En este pequeño libro hablaremos de todos estos temas. En el que viene a continuación abordaremos aspectos concretos hablados aquí. Luego, el lector, muy sabiamente, deberá sacar sus conclusiones. Aquí se expresan unas ideas, unos conceptos, a veces con muchos puntos de ciencia ficción (al fin y al cabo el autor de estas líneas escribe ciencia ficción), pero, al final, siempre desde un origen científico. Esperamos que disfruten del viaje.

La duda y el escepticismo, bases de la ciencia.

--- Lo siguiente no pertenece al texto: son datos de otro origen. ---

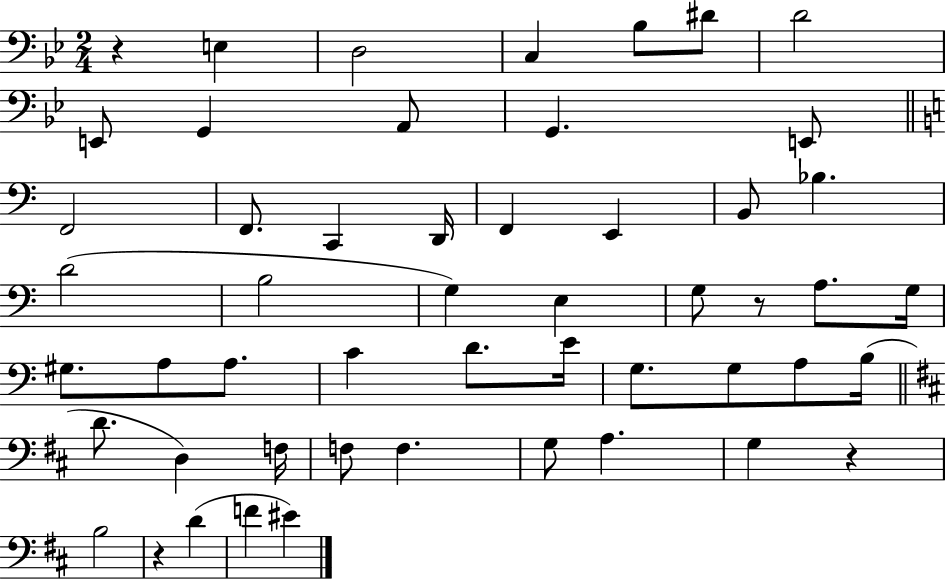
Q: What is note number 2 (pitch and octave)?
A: D3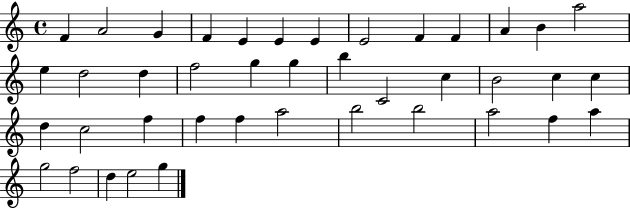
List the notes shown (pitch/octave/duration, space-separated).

F4/q A4/h G4/q F4/q E4/q E4/q E4/q E4/h F4/q F4/q A4/q B4/q A5/h E5/q D5/h D5/q F5/h G5/q G5/q B5/q C4/h C5/q B4/h C5/q C5/q D5/q C5/h F5/q F5/q F5/q A5/h B5/h B5/h A5/h F5/q A5/q G5/h F5/h D5/q E5/h G5/q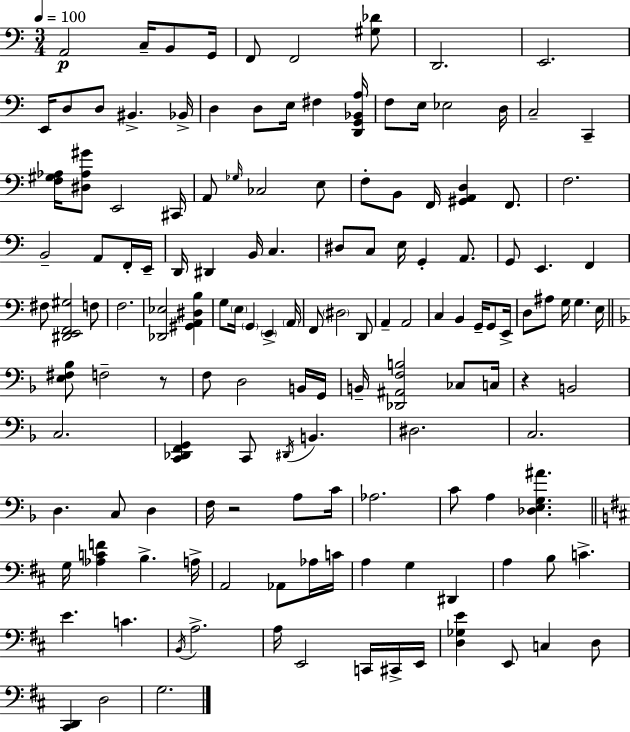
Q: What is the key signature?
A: C major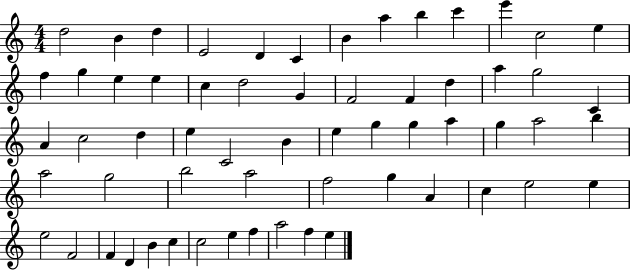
{
  \clef treble
  \numericTimeSignature
  \time 4/4
  \key c \major
  d''2 b'4 d''4 | e'2 d'4 c'4 | b'4 a''4 b''4 c'''4 | e'''4 c''2 e''4 | \break f''4 g''4 e''4 e''4 | c''4 d''2 g'4 | f'2 f'4 d''4 | a''4 g''2 c'4 | \break a'4 c''2 d''4 | e''4 c'2 b'4 | e''4 g''4 g''4 a''4 | g''4 a''2 b''4 | \break a''2 g''2 | b''2 a''2 | f''2 g''4 a'4 | c''4 e''2 e''4 | \break e''2 f'2 | f'4 d'4 b'4 c''4 | c''2 e''4 f''4 | a''2 f''4 e''4 | \break \bar "|."
}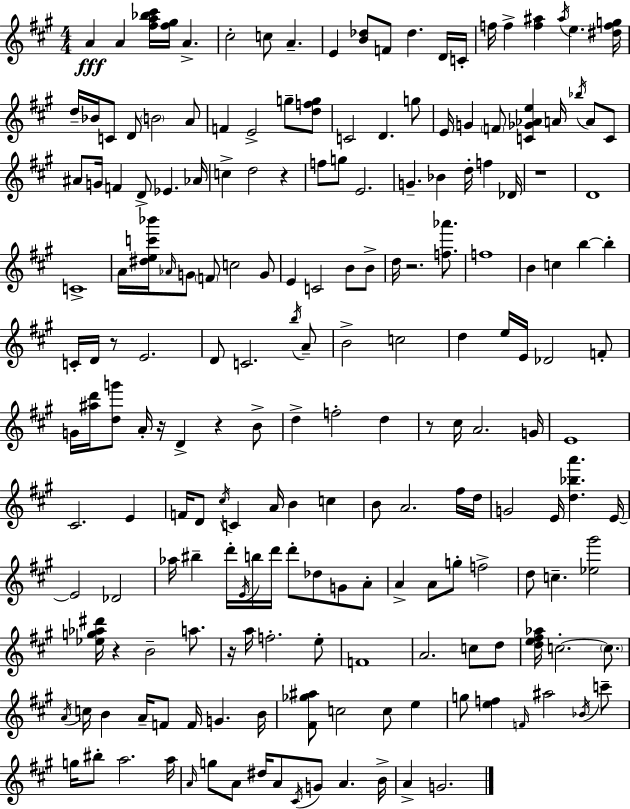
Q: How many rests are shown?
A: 9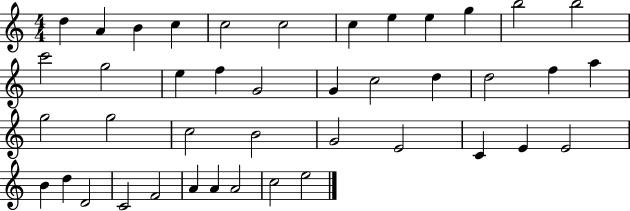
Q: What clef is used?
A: treble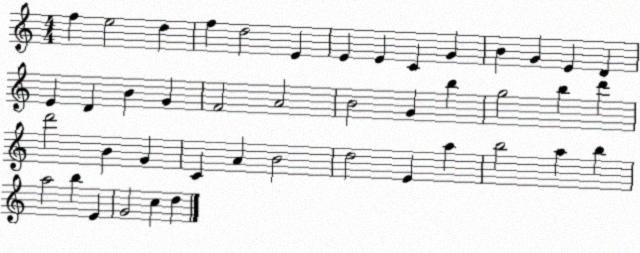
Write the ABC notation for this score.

X:1
T:Untitled
M:4/4
L:1/4
K:C
f e2 d f d2 E E E C G B G E D E D B G F2 A2 B2 G b g2 b d' d'2 B G C A B2 d2 E a b2 a b a2 b E G2 c d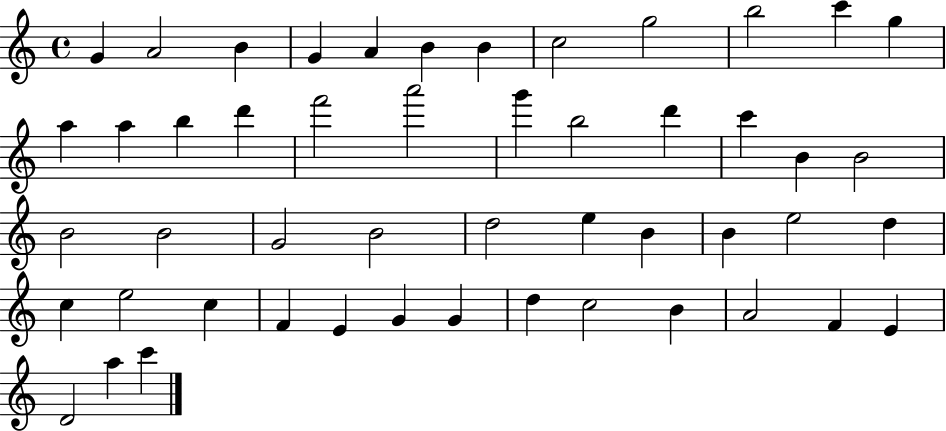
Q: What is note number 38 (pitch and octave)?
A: F4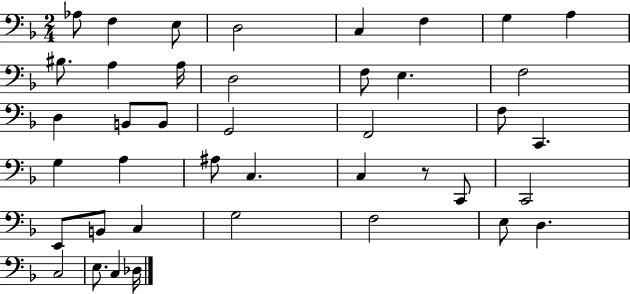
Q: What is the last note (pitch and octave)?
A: Db3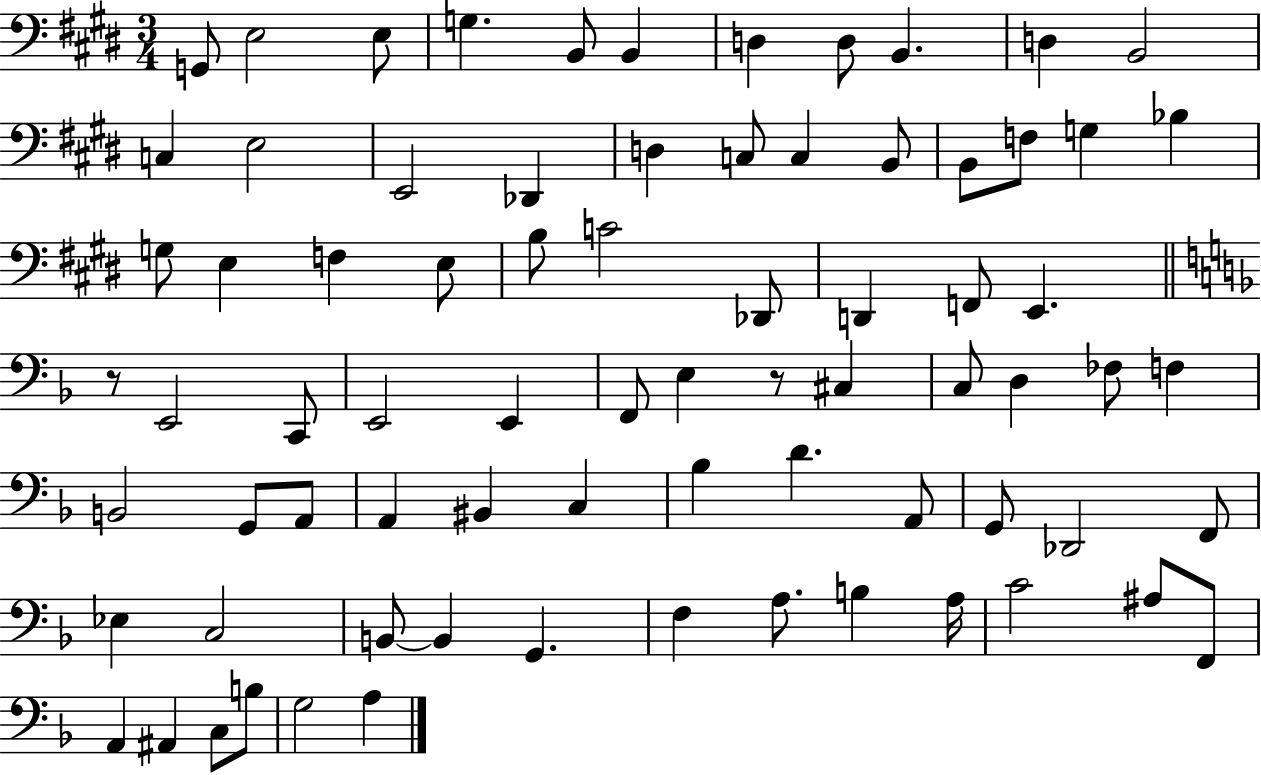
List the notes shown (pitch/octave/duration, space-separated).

G2/e E3/h E3/e G3/q. B2/e B2/q D3/q D3/e B2/q. D3/q B2/h C3/q E3/h E2/h Db2/q D3/q C3/e C3/q B2/e B2/e F3/e G3/q Bb3/q G3/e E3/q F3/q E3/e B3/e C4/h Db2/e D2/q F2/e E2/q. R/e E2/h C2/e E2/h E2/q F2/e E3/q R/e C#3/q C3/e D3/q FES3/e F3/q B2/h G2/e A2/e A2/q BIS2/q C3/q Bb3/q D4/q. A2/e G2/e Db2/h F2/e Eb3/q C3/h B2/e B2/q G2/q. F3/q A3/e. B3/q A3/s C4/h A#3/e F2/e A2/q A#2/q C3/e B3/e G3/h A3/q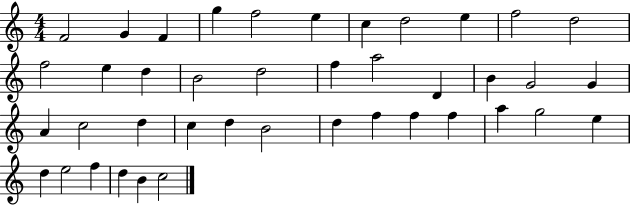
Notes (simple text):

F4/h G4/q F4/q G5/q F5/h E5/q C5/q D5/h E5/q F5/h D5/h F5/h E5/q D5/q B4/h D5/h F5/q A5/h D4/q B4/q G4/h G4/q A4/q C5/h D5/q C5/q D5/q B4/h D5/q F5/q F5/q F5/q A5/q G5/h E5/q D5/q E5/h F5/q D5/q B4/q C5/h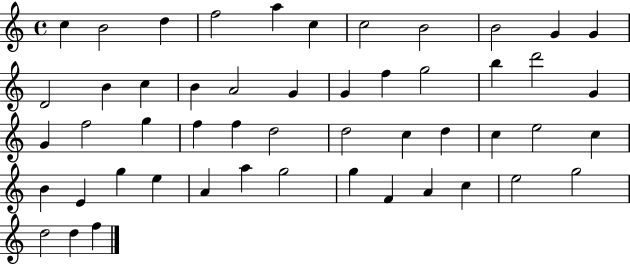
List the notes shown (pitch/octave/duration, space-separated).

C5/q B4/h D5/q F5/h A5/q C5/q C5/h B4/h B4/h G4/q G4/q D4/h B4/q C5/q B4/q A4/h G4/q G4/q F5/q G5/h B5/q D6/h G4/q G4/q F5/h G5/q F5/q F5/q D5/h D5/h C5/q D5/q C5/q E5/h C5/q B4/q E4/q G5/q E5/q A4/q A5/q G5/h G5/q F4/q A4/q C5/q E5/h G5/h D5/h D5/q F5/q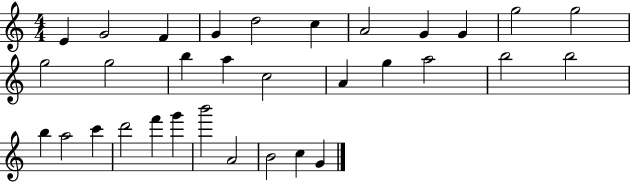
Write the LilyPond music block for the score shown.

{
  \clef treble
  \numericTimeSignature
  \time 4/4
  \key c \major
  e'4 g'2 f'4 | g'4 d''2 c''4 | a'2 g'4 g'4 | g''2 g''2 | \break g''2 g''2 | b''4 a''4 c''2 | a'4 g''4 a''2 | b''2 b''2 | \break b''4 a''2 c'''4 | d'''2 f'''4 g'''4 | b'''2 a'2 | b'2 c''4 g'4 | \break \bar "|."
}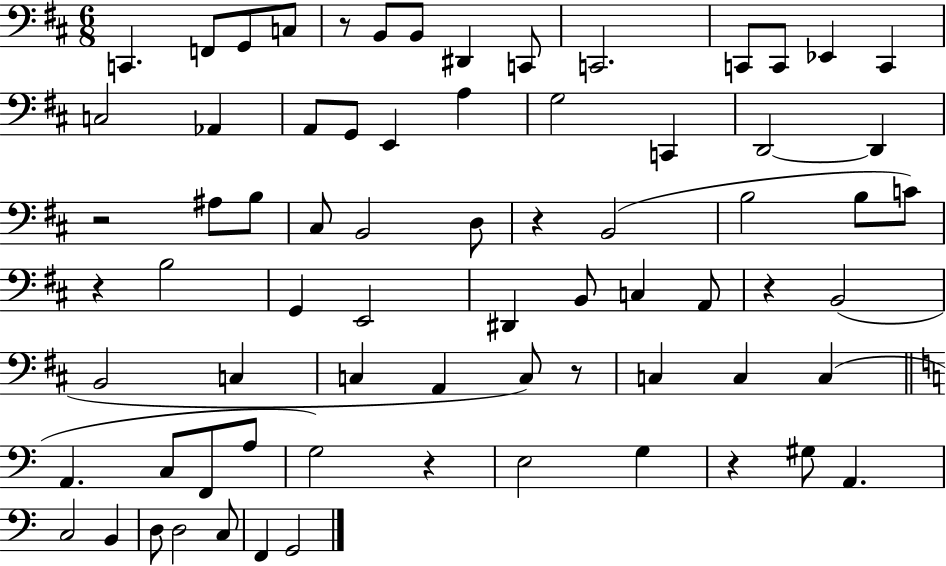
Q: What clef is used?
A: bass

Y, si me lo permite el amable lector: dude. Dude de todo. Incluso, y sobre todo, de sus convicciones más arraigadas. La duda, y el escepticismo, son la clave de la ciencia, y el camino para conocer la verdad que nos rodea. Una verdad inexacta y difícil de alcanzar, pero que es más real que la que nos muestran otras formas de pensamiento. Respetables, pero alejadas de la realidad científica. Y, si quiere creer en Dios, hágalo. Cada uno es libre de creer en lo que quiera. Unos creen en el Dios cristiano, otros en Alá, y otros creyeron antes en Zeus o en Odín. En el futuro, nuevos dioses vendrán a sustituir a estos dioses, como la humanidad viene haciendo desde hace miles de años. Sí. Antes de los dioses y religiones actuales hubo, durante miles de años, otros dioses, otras religiones. Y luego vendrán otras. Las religiones no se libran de las leyes de la evolución.

Así que, si tiene fe religiosa, esa es una decisión y un sentimiento personal. Perfecto, nada que objetar. Pero no permita que, por ello, le cuenten cosas que, simple y llanamente, no son ciertas. Una cosa es creer en Dios. Y otra que otros le hagan creer a usted en lo que ellos quieran. No lo permita. Tenga una mente clara, abierta, y crítica. Y será mucho más libre. Eso le acercará al universo y le hará disfrutar de todas las maravillas que tenemos a nuestro alrededor, desde el átomo más pequeño, hasta la galaxia más grande. La ciencia es un tobogán enorme y largo por donde caemos aprendiendo y disfrutando sin parar. Láncese, y empiece a volar. Merecerá la pena, se lo aseguro.